▶ _REQUIRED WORK_
Retype exactly what runs from the first line of the data to the line with "错失两必进球，申花不续约外援太明智鲍亚雄百密一疏出击不果断", keeping both of those lines and skipping pictures.

(Stored data entries)
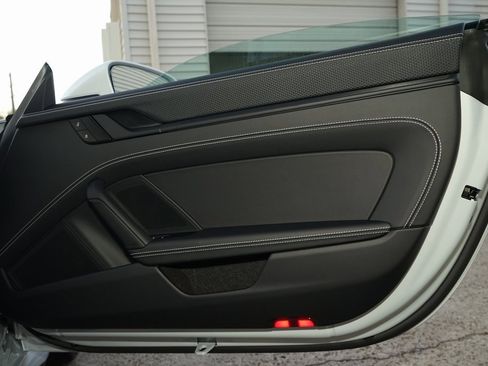 Used 2026 Porsche 911 GT3 image 17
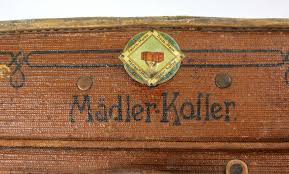 Historischer Mädler-Koffer mit originalem Schriftzug
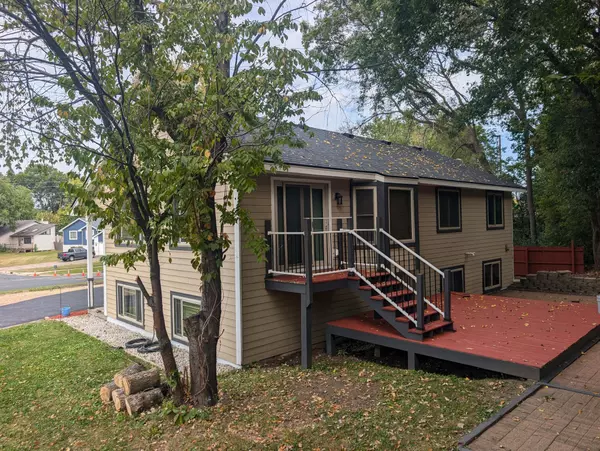 300 Butternut LN, Burnsville, MN 55306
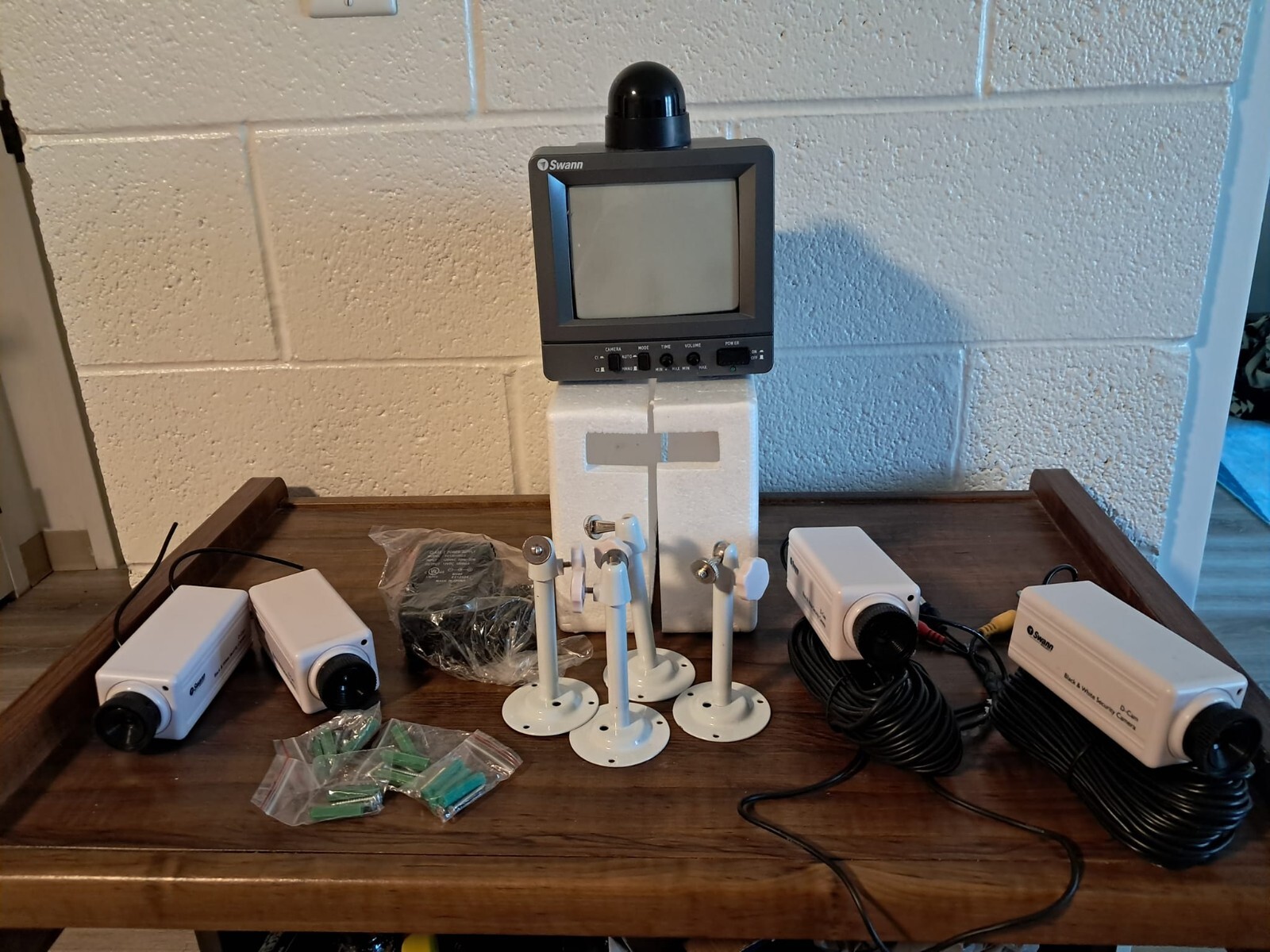 Swann Security Kit 2 Real & 2 Imitation Cameras Security Monitoring System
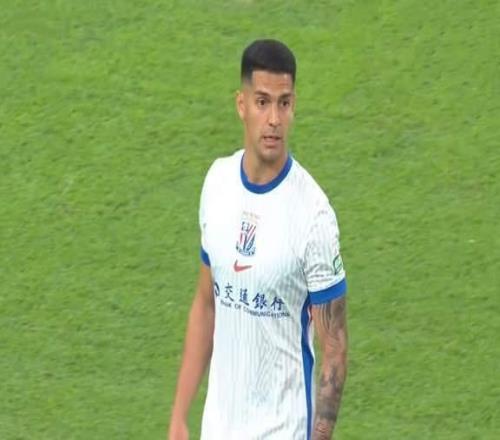 错失两必进球，申花不续约外援太明智鲍亚雄百密一疏出击不果断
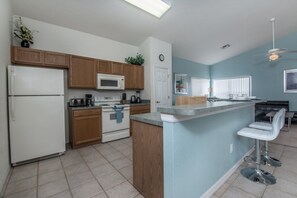 Familienvilla, eigener Pool, zum Garten hin | Gemeinschaftsküche | Kühlschrank, Mikrowelle, Ofen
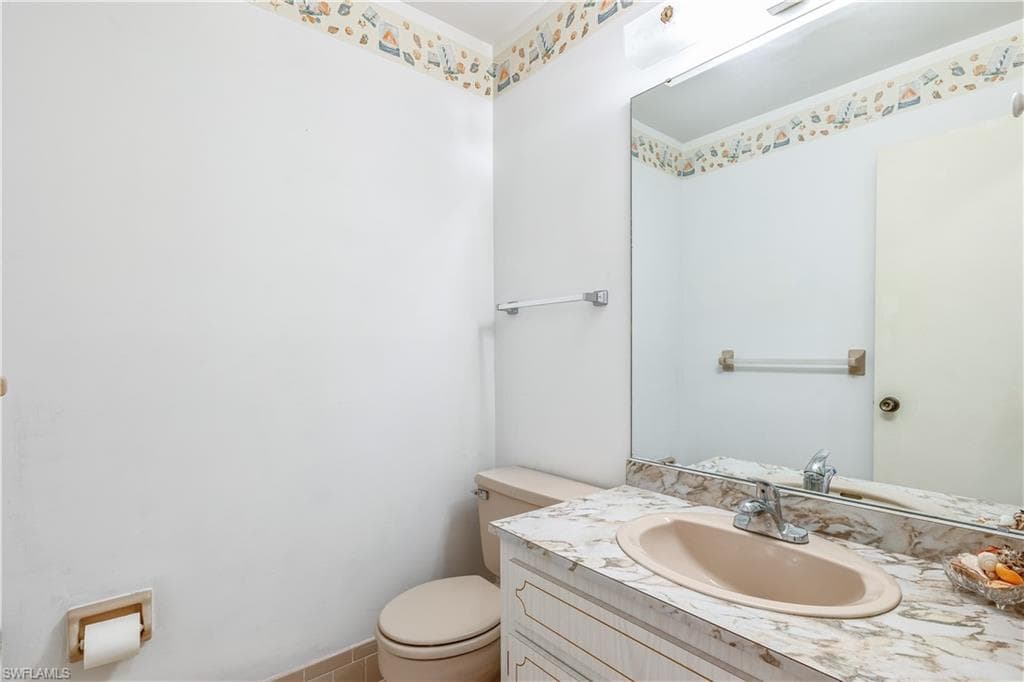 6992 Edgewater CIR, FORT MYERS FL 33919-16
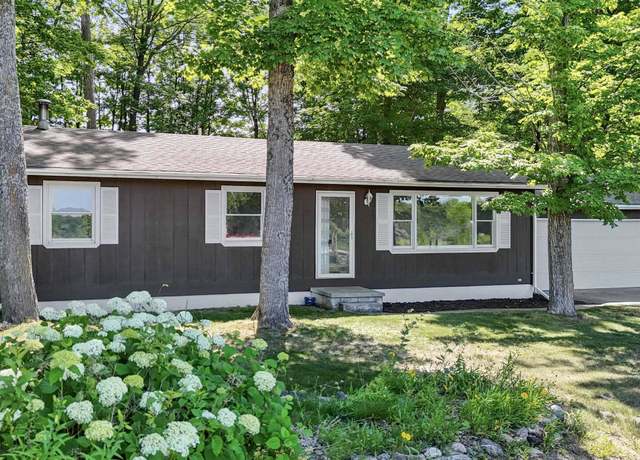 Property at 5674 Goodrick Rd, Traverse City, MI 49684, 3 beds, 1.5 baths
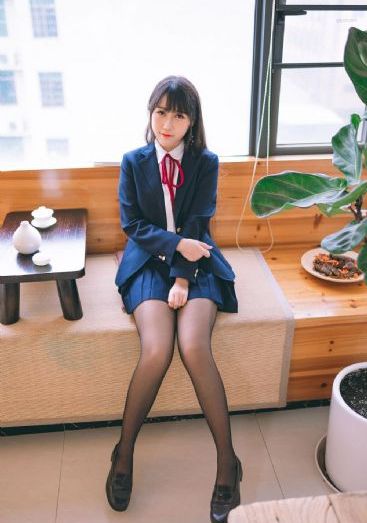 《口罩男子不想谈恋爱》电影_十万网红美女美酱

▶ _SOLUTION_
 Used 2026 Porsche 911 GT3 image 17
 Historischer Mädler-Koffer mit originalem Schriftzug
 300 Butternut LN, Burnsville, MN 55306
 Swann Security Kit 2 Real & 2 Imitation Cameras Security Monitoring System
 错失两必进球，申花不续约外援太明智鲍亚雄百密一疏出击不果断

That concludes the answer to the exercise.